DataCleaner
DataCleaner copied to clipboard
Table lookup: Support fully loading table into memory/cache
In the Table lookup there is a good feature for enabling caching of the lookup results. This works well if you're anticipating that the same foreign key lookups are going to happen again and again. But furthermore it seems to me that you would sometimes anticipate that the foreign table is quite small and could easily fit into memory (will usually be possible up to some thousands of records, if not more).
Loading the full table into memory would have quite a lot of benefits in those scenarios. The lookups could essentially be HashMap-like fetches and the connection to the foreign database would only be queried once. As such it may even be a useable workaround for cases where the connection is a sparse resource.

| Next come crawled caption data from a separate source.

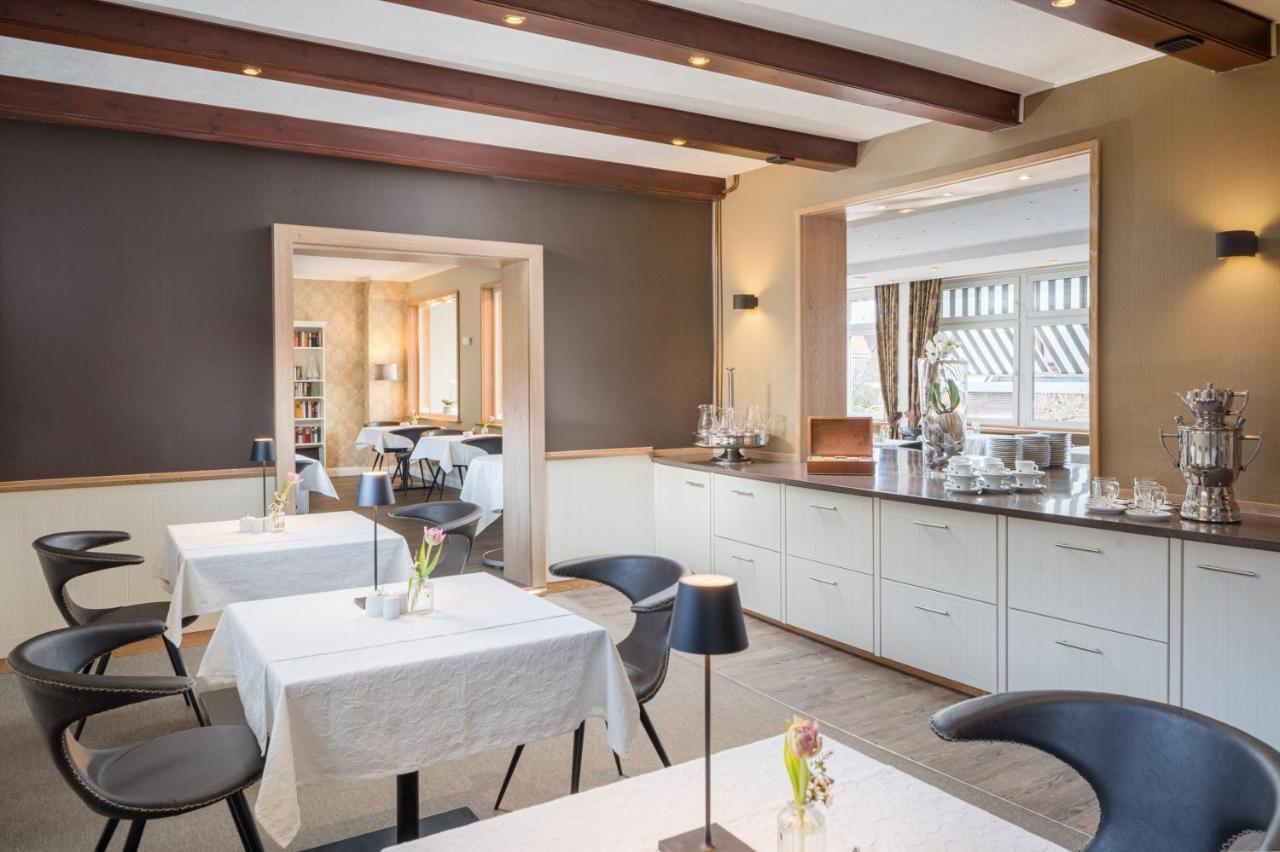 Akzent Hotel Dorn Büsum Zewnętrze zdjęcie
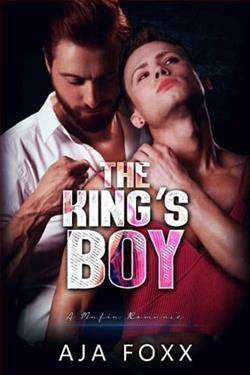 The King's Boy by Aja Foxx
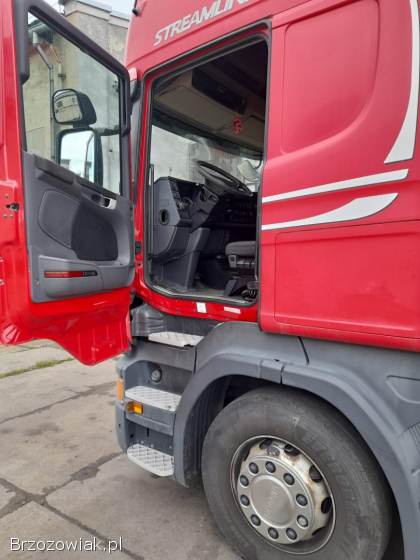 SCANIA 410R SPRZEDAM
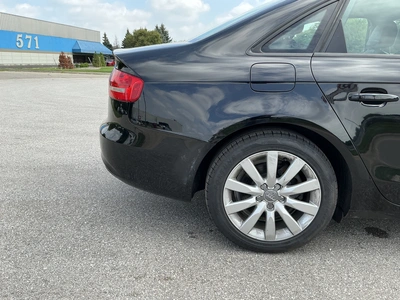 Used 2014 AUDI A4 Sedans Michigan US | Miedema Asset Management Group #1411171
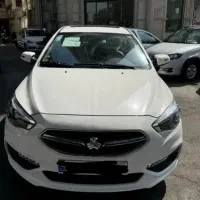 شاهین پلاس اتوماتیک TU5 صفر تحویل فوری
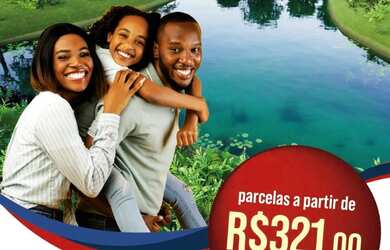 Imagem: O terreno possui 250m² de Área e está localizado em Coração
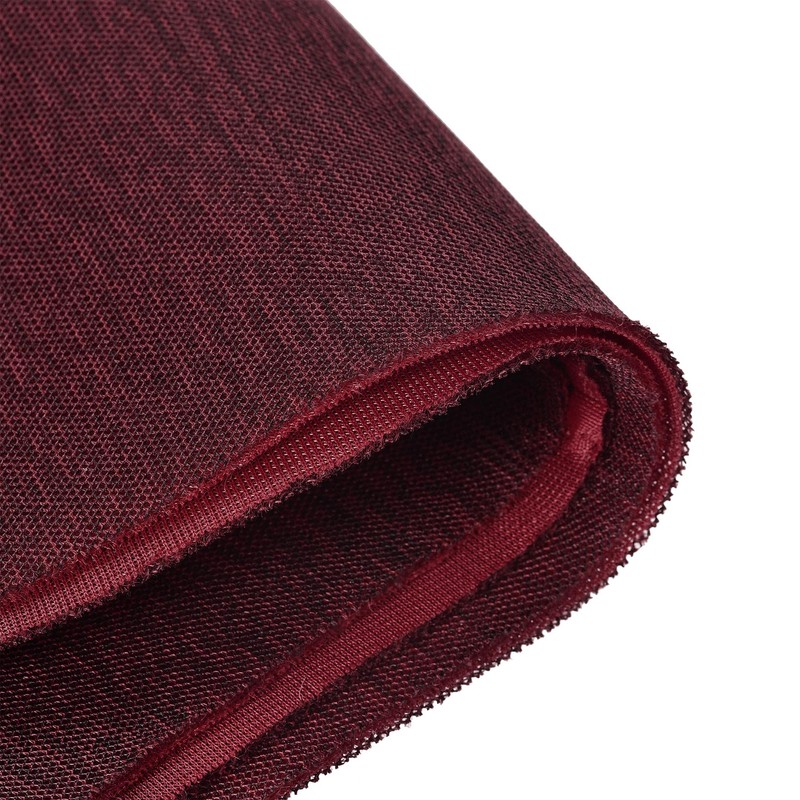 uxcell Wine Red Speaker Mesh Grill Cloth (not Cane Webbing)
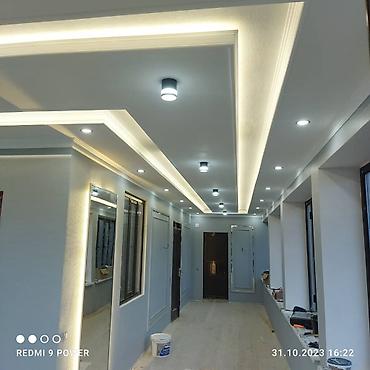 Другое освещение: Линейные светильники и встроенные световые линии для потолка и стен - — 13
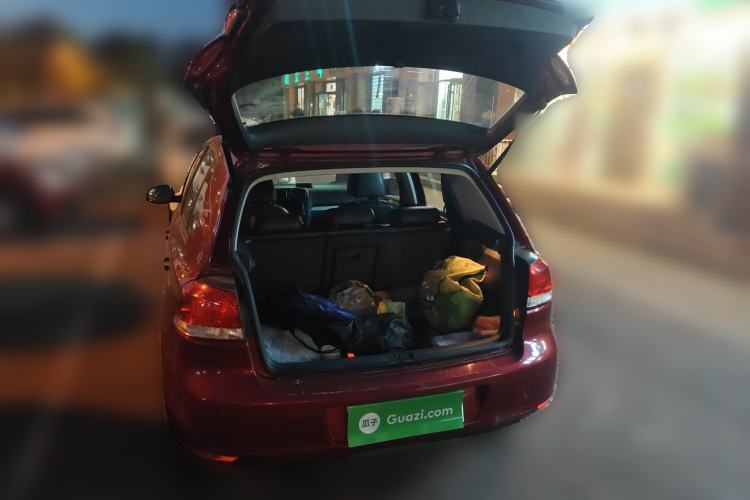 Used Volkswagen Golf 2012 1.4TSI Automatic Luxury Edition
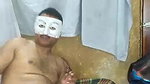 Indian porn busty bhabhi blowjob in innerwear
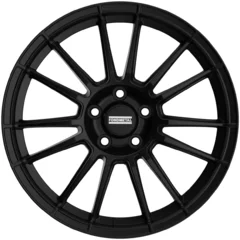 <h2>Fondmetal 9RR</h2>Black Matt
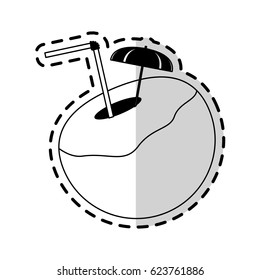 cocktail drink icon image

This is great idea! We will need a limit to the amount of data to make sure we don't send the program tumbling. Could be a configurable option.
I'm not actually sure what would be sensible, maybe 100000/selected columns? It's not ideal, since a column is not just a column, but otherwise we need to look at the actual contents.
I actually wouldn't add a limit, unless it's because you want it to automatically pick a caching strategy based on it. But if you ask the user to make the choice then I think you shouldn't block it. After all, some people really believe in buying more and more and more memory to make stuff faster. This could be a feature that leveraged a lot of memory for huge lookup jobs (although not the primary use-case IMO).
I'd ALWAYS add a (configurable) limit, that at least throws a warning first. We don't want users to kill an application by accident simply by enabling something. Those who needs will be capable of changing the default, those who doesn't will not realize that they were the ones who broke it, but will (rightly) blame DC.
Up to you and fine by me. I only meant to say that it wasn't important to me. I think there are plenty of ways you can make DC go out of memory already, and there will always be that in any ETL-like tool I think :)
Yeah, it's not exactly hard, but let's not make it easier :-)
Whoops, closed wrong issue.